Scheffenbichler Flora T, Ulm Bernhard, Borgstedt Laura, Scholze Anna, Kretsch Nadine, Zia Nadine, Friedrich Viola, Marb Magdalena, Schaller Stefan J, Jungwirth Bettina, Blobner Manfred
Department of Anaesthesiology and Intensive Care Medicine, Faculty of Medicine, University of UIm, Ulm, Germany.
Department of Anaesthesiology and Intensive Care Medicine, TUM School of Medicine and Health, Technical University of Munich, Munich, Germany.
J Clin Monit Comput. 2025 May 28. doi: 10.1007/s10877-025-01304-z.
Anaesthesia providers often complain that quantitative neuromuscular monitoring does not accurately assess neuromuscular function, a problem that can be mitigated by appropriate calibration. However, there are only very limited recommendations for the calibration of quantitative neuromuscular monitoring in clinical routine. Therefore, this multicentre prospective agreement study compared the precision of electromyography using three different calibration approaches.
Sixty patients were assigned to one of three investigational calibration approaches: calibration before anaesthesia induction, calibration during anaesthesia induction, i.e., at loss of consciousness and state entropy < 85, or uncalibrated. All patients received electromyography calibration under deep anaesthesia on the second arm (control as recommended for research). The primary endpoint was the repeatability coefficient, which describes the fluctuation of the following train-of-four (TOF) reading. It therefore provides an estimate of the precision of a measurement method. Secondary endpoints included agreement with control calibration and pain at induction.
The repeatability coefficient at TOF ratios ≥ 0.8 indicated that electromyography monitoring was less precise when TOF readings were uncalibrated (0.124 ± 0.130) or with calibration during induction (0.087 ± 0.104) but was acceptable after calibration before induction (0.075 ± 0.036) compared to those measured after calibration on the contralateral arm (control: 0.072 ± 0.027, 0.061 ± 0.021, and 0.083 ± 0.063, respectively). Recall of pain at anaesthesia induction did not differ between investigational groups.

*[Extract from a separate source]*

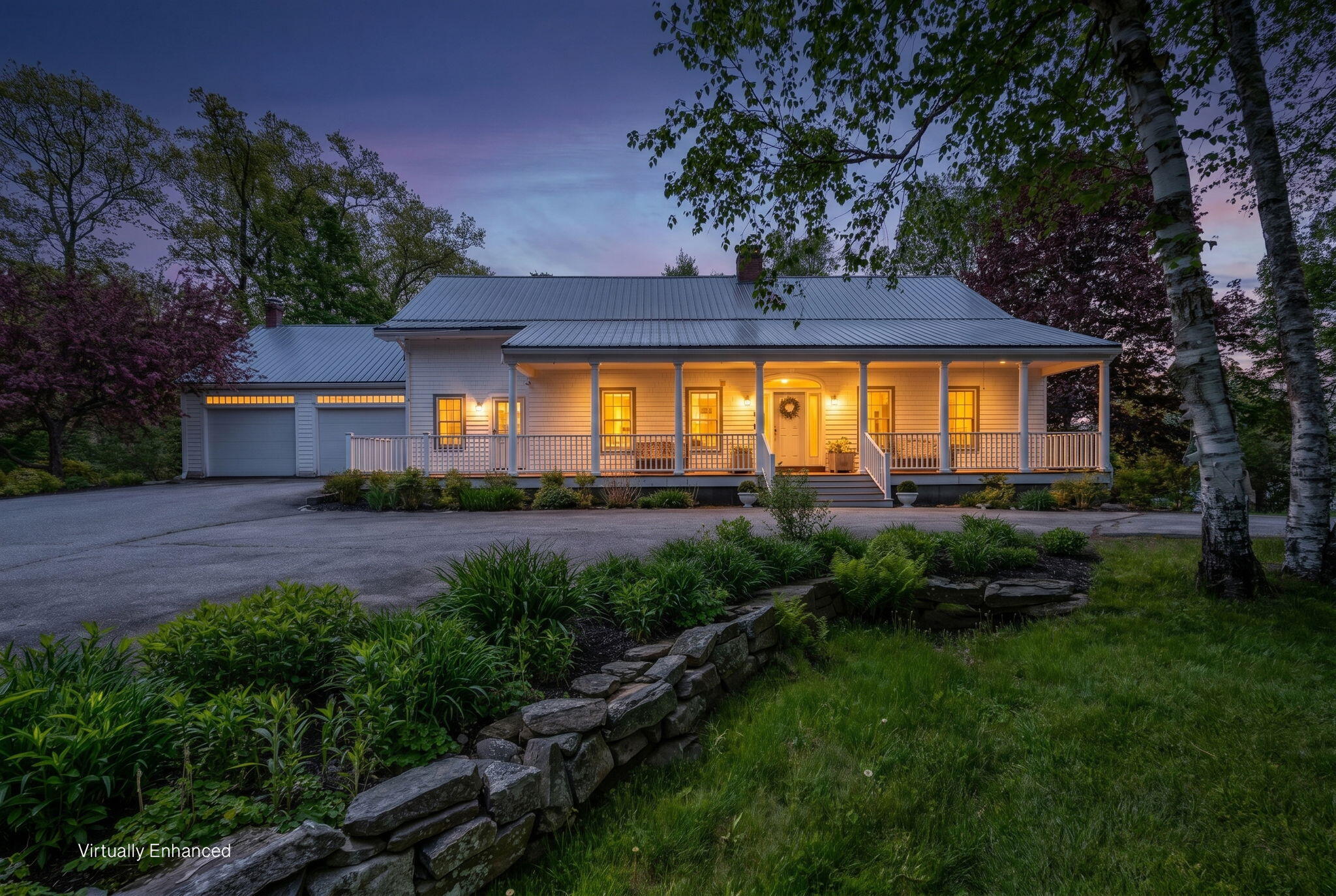 299 Gates Road Jefferson, ME 04348 - Photo 2 of 121 Stunning View at Sunset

The findings underline the importance of thoroughly performed calibration for precise TOF readings to reliably exclude residual neuromuscular blockade. Electromyography was most precise when calibration was performed under deep anaesthesia (control). If that approach is not possible in the clinical setting, our data suggest that calibration before anaesthesia induction can be considered if previously discussed with the patient.

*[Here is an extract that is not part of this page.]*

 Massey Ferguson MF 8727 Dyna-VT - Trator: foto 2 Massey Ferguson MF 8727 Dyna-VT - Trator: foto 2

Clinical Trials NCT04911088, registered January 6, 2021.
麻醉医生经常抱怨定量神经肌肉监测不能准确评估神经肌肉功能,这一问题可通过适当校准得到缓解。然而,关于临床常规中定量神经肌肉监测校准的建议非常有限。因此,这项多中心前瞻性一致性研究比较了使用三种不同校准方法的肌电图精度。
60例患者被分配到三种研究校准方法之一:麻醉诱导前校准、麻醉诱导期间校准(即意识消失且状态熵<85时)或不校准。所有患者在第二条手臂上进行深度麻醉下的肌电图校准(作为研究推荐的对照)。主要终点是重复性系数,它描述了后续四个成串刺激(TOF)读数的波动情况。因此,它提供了一种测量方法精度的估计。次要终点包括与对照校准的一致性以及诱导时的疼痛情况。

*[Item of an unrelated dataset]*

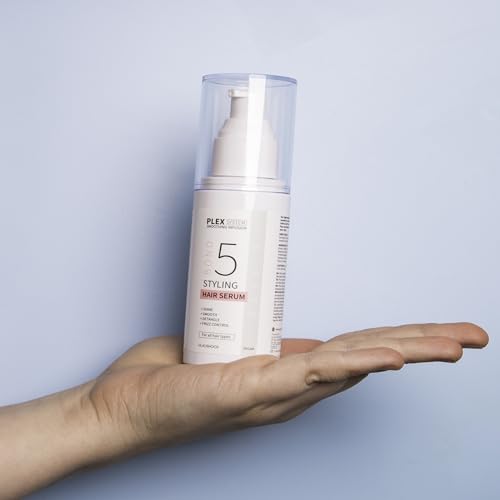 Headshock Plex System Smoothing Infusion | No5 Styling Serum | 90ml - Image 3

TOF比值≥0.8时的重复性系数表明,当TOF读数未校准时(0.124±0.130)或诱导期间校准时(0.087±0.104),肌电图监测的精度较低,但与对侧手臂校准后测量的值相比,麻醉诱导前校准后的精度是可接受的(分别为0.075±0.036、对照:0.072±0.027、0.061±0.021和0.083±0.063)。各研究组之间麻醉诱导时疼痛的回忆情况没有差异。
研究结果强调了为获得精确的TOF读数以可靠排除残余神经肌肉阻滞而进行全面校准的重要性。在深度麻醉(对照)下进行校准时,肌电图最为精确。如果在临床环境中无法采用该方法,我们的数据表明,如果之前已与患者讨论过,可考虑在麻醉诱导前进行校准。
临床试验NCT04911088,于2021年1月6日注册。